Young writer–marketers at this point work with a few incentives. The first is that they want to do a 'good job' so they can keep getting more jobs (and ultimately more money). The second is that they want to minimize the amount of time it takes to do a 'good job' so they can maximize their hourly rates.
What is a 'good job'? Who defines the benchmarks against which effectiveness is measured? Industry insiders know that most of the revenue that IT firms make comes from repeat customers, with some estimates pegging this number to be as high as 97%.
If only 3% comes from new customers, the marketing teams in these firms effectively have nothing to do. Unfortunately for them, they are still held to the same 40–hour workweek pattern that requires them to show up day after day and produce “results” so they can justify their salaries, both to themselves and to their employers.
On one hand, you have career marketers with very little work, and on the other, you have fresh–faced writers with no prior knowledge of the kind of work that they are expected to do. These writers are usually not trained in the discipline, they are expected to be effective from day one and those that don't “hit the ground running” don't get more work.
At this point, there is a subtle form of existential dread that is constantly looming around both writers and marketers. If their work is ultimately nothing more than an embellishment, how are they to work seriously, with an aim to improve their craft and effectiveness?
This is where knowledge workers choose to operate at levels of abstraction that are completely unnecessary, save for portraying the illusion of “hard work.”

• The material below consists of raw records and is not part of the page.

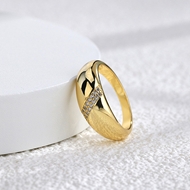 Picture of Delicate Gold Plated Fashion Ring with Fast Delivery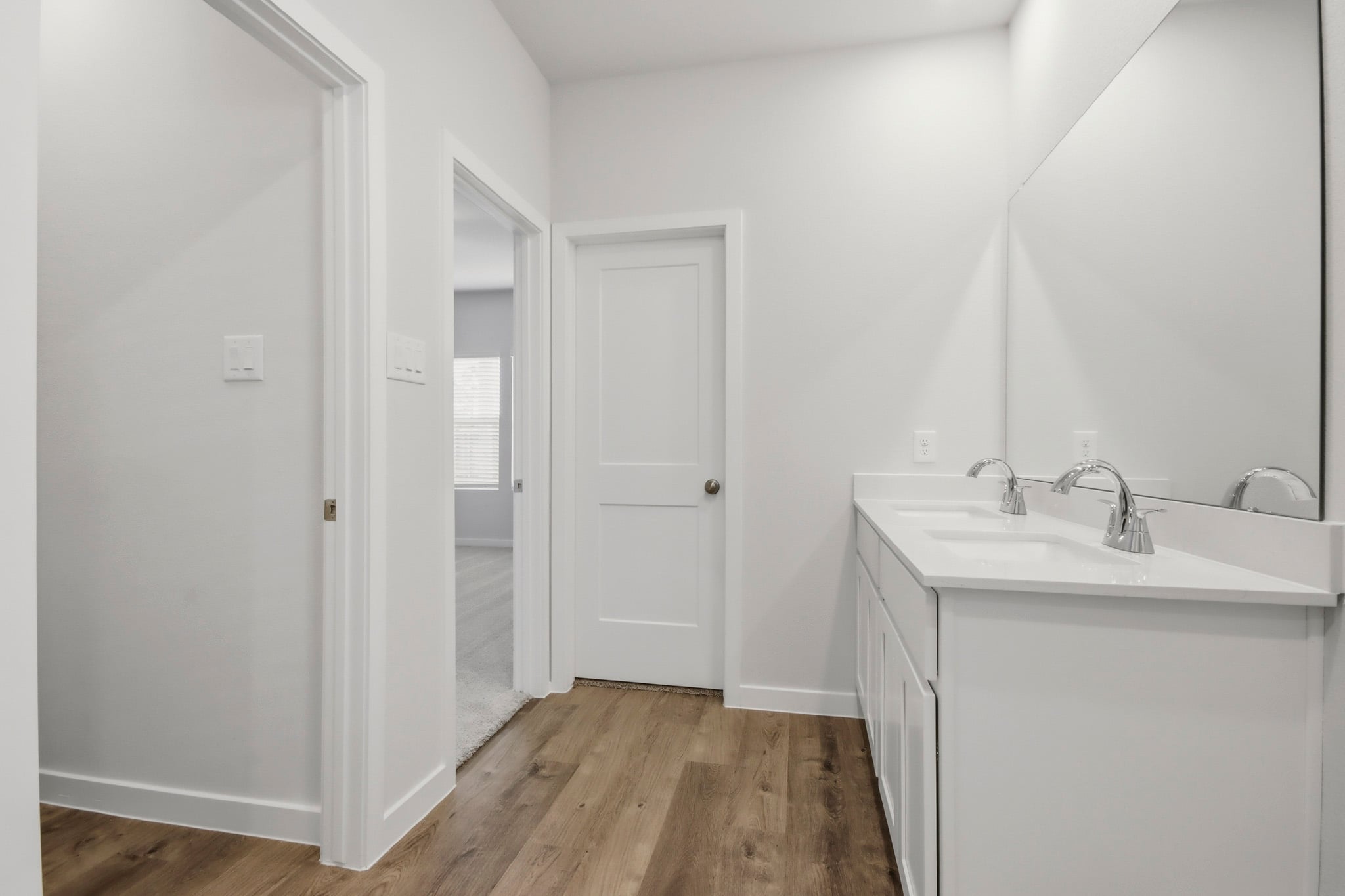 A bathroom with a sink and a mirror.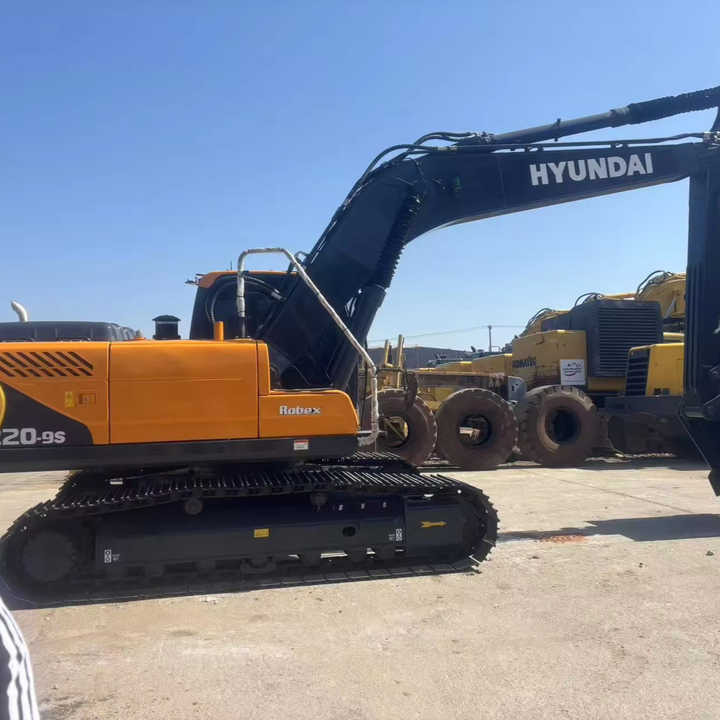 Used Original Korea Multifunction Crawler Excavator Hyundai HX220L High Efficiency Hyundai 225LC 220LC in Good Condition on Sale - Bagger: das Bild 1 Used Original Korea Multifunction Crawler Excavator Hyundai HX220L High Efficiency Hyundai 225LC 220LC in Good Condition on Sale - Bagger: das Bild 1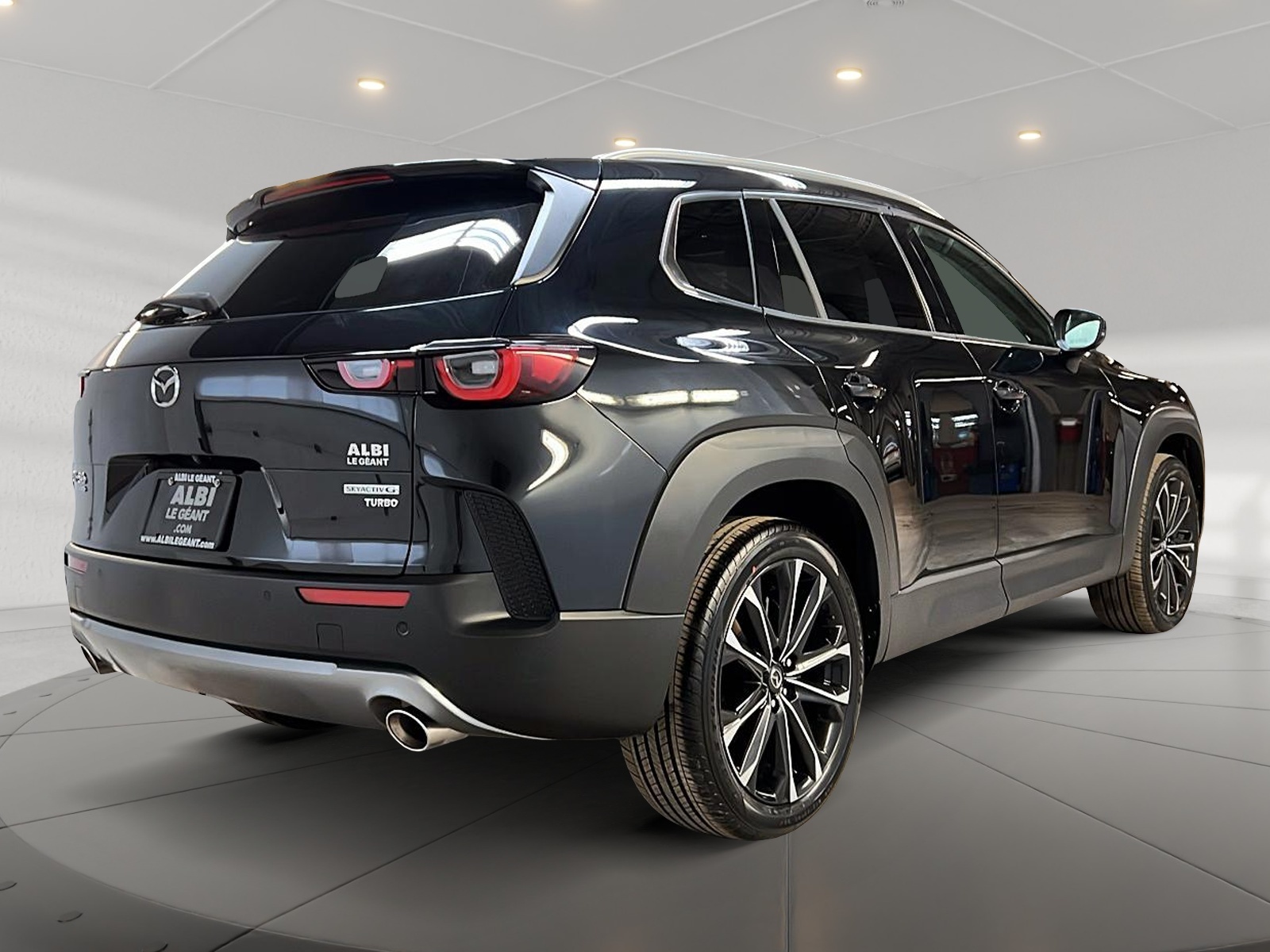 Mazda CX-50 GT TURBO CUIR TOIT PANO NAV 4RM 2024 - image #4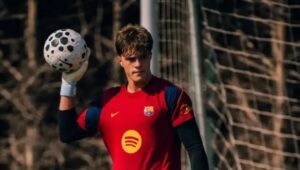 Hansi Flick brings 18-year-old La Masia talent into first-team training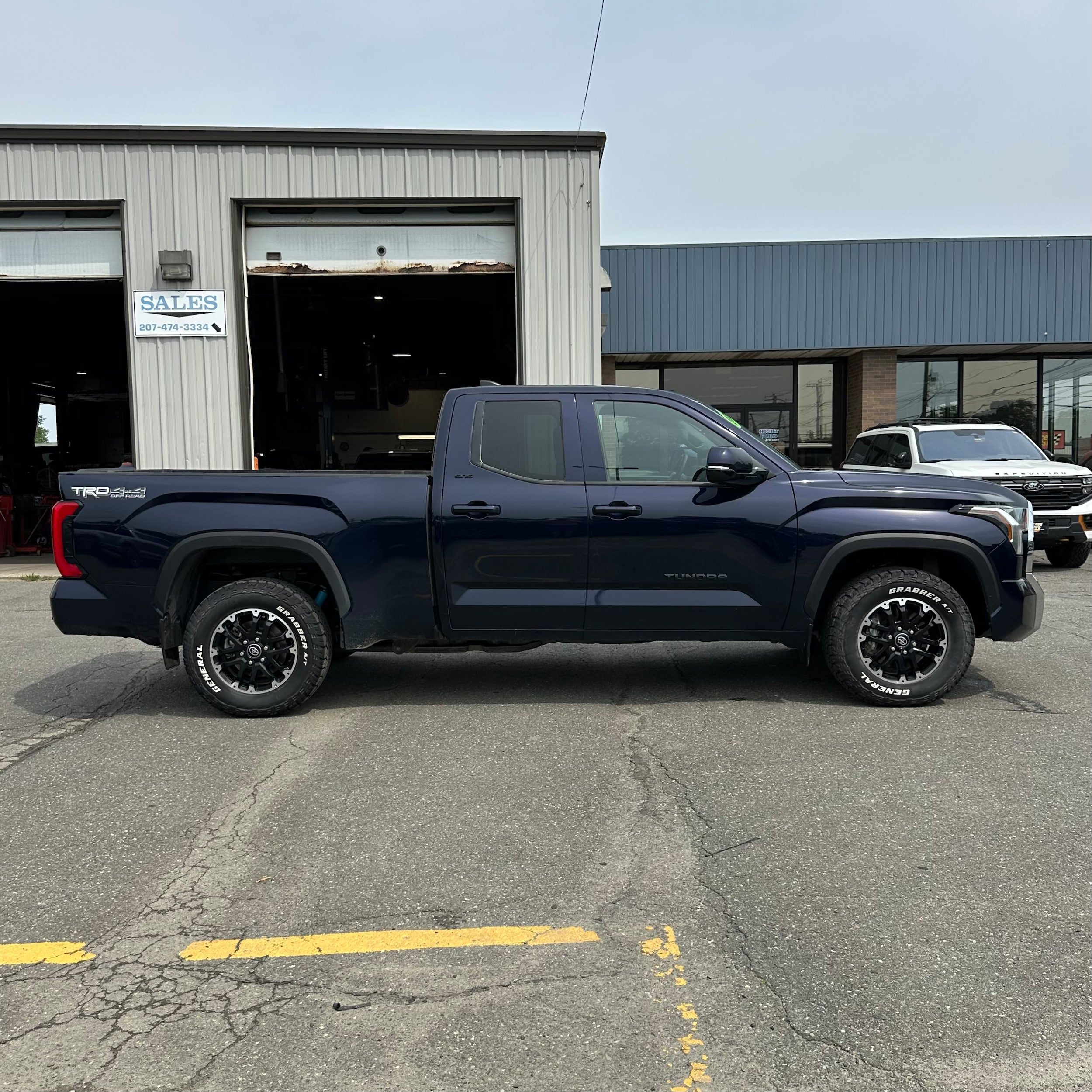Used 2025 Toyota Tundra SR5 w/ TRD Off-Road Package AWD/4WD image 2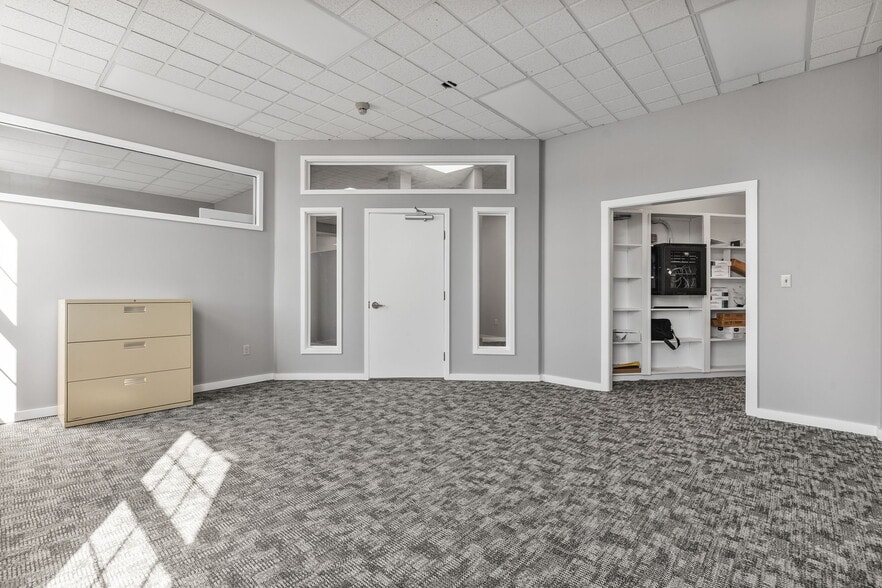 More Photos Of 201 Main St, Boston Office For Lease
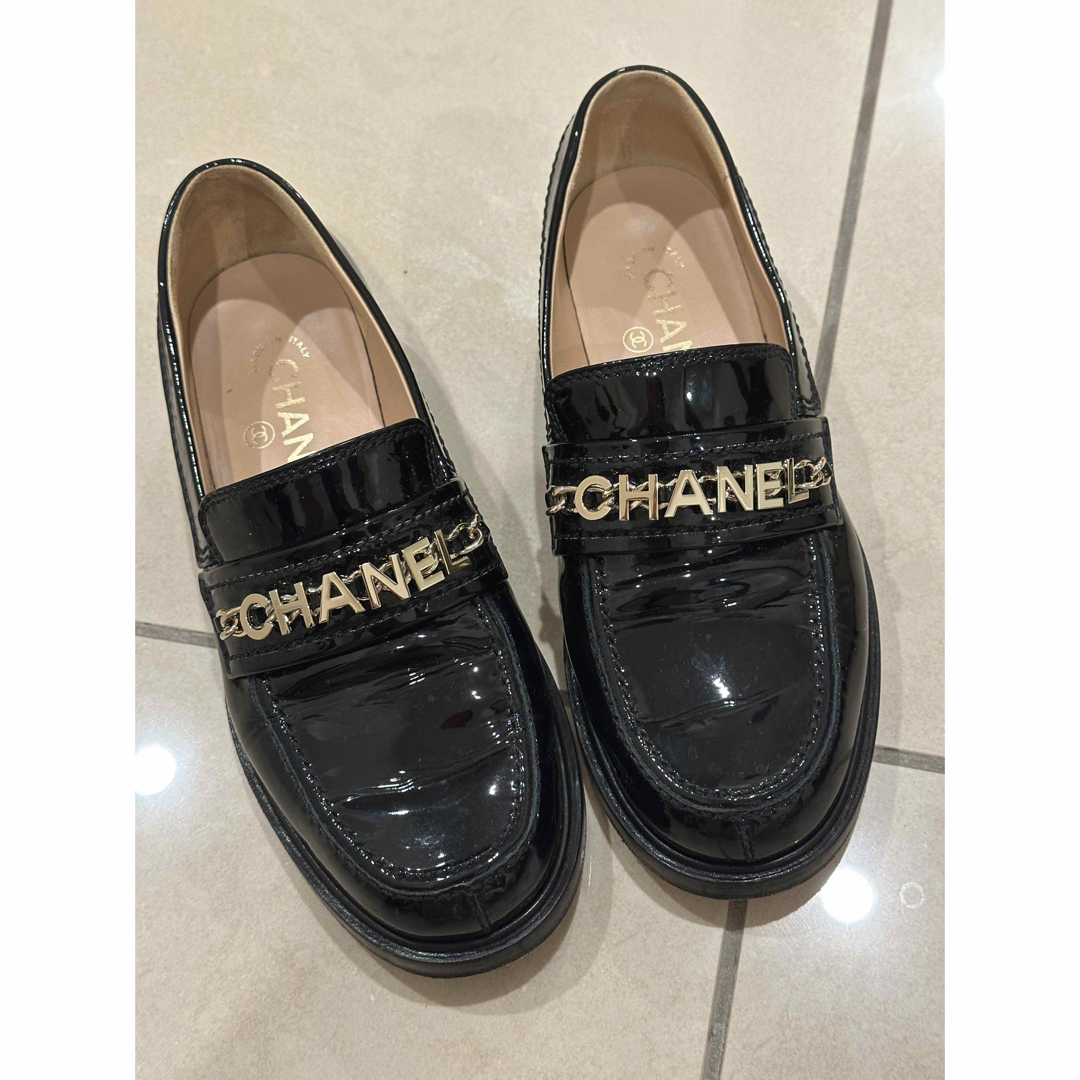 CHANEL - CHANEL 36 ローファーの通販 by 又来綾|シャネルなら CHANEL - CHANEL 36 ローファーの通販 by 又来綾|シャネルなら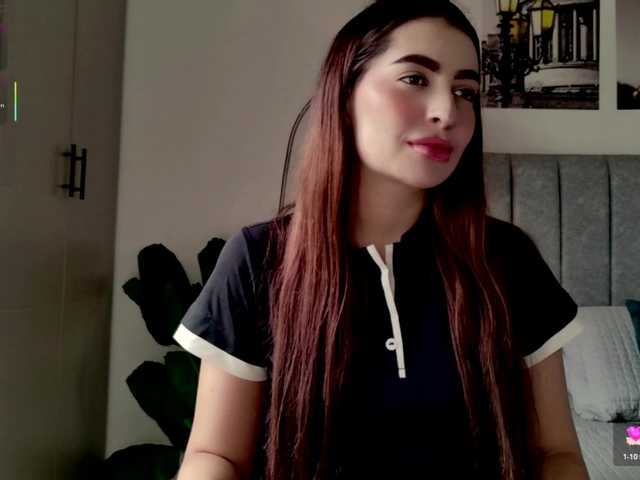 Caralella live cam on BongaCams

In the absence of concrete feedback loops, the writer initially devotes a lot of time to reading voluminous reports and dense research papers to produce a spectacular whitepaper. The full–time marketer on the other hand begins to loop in members from senior management and the engineering team to get “expert approval” on these seemingly complex and important topics.
Over time, the modus operandi of both these groups can be modeled as a direct function of the arbitrary deadlines that come from above the pyramid. Shorter deadlines will lead to the writer half–arsing their research and writing process. For the marketer, it'll mean fewer meetings and people involved in the whole cycle.
Saying no to Individuality
Instances like these make me surmise that work can almost never be standardized if it has even the tiniest human component involved in the execution. The work we do is an extension of our own selves, and each of us is incredibly unique in the way we think, operate, and handle tasks given to us.
Operating within the prevailing economic machinery means that these individual quirks are often deliberately sacrificed in favor of predictability.
Work becomes amorphous because the people undertaking them are dynamic. These very people tend to keep oscillating across a wide array of emotions, moods, and health, which in turn affects the way they perform tasks. Even something as simple as stamping envelopes can be done in wildly different ways.
Much has been written about combating inefficiency and low productivity, but the lack of understanding of the nature of work causes most people, especially managers to commit egregious errors in delegating and managing responsibilities.
Work takes up the amount of time allotted because few understand how much to do, what to add, what to subtract, and where to stop. No amount of theorizing or pontificating can change this. It's an unintended side effect of taking a concept like comparative advantage to its logical conclusion.
The best we can do is recognize this and model our workflows accordingly. Not setting aggressive deadlines and weeding out non-performers because they “didn’t make the cut.” That’s a one-way ticket to corporate purgatory, and not many companies can survive that.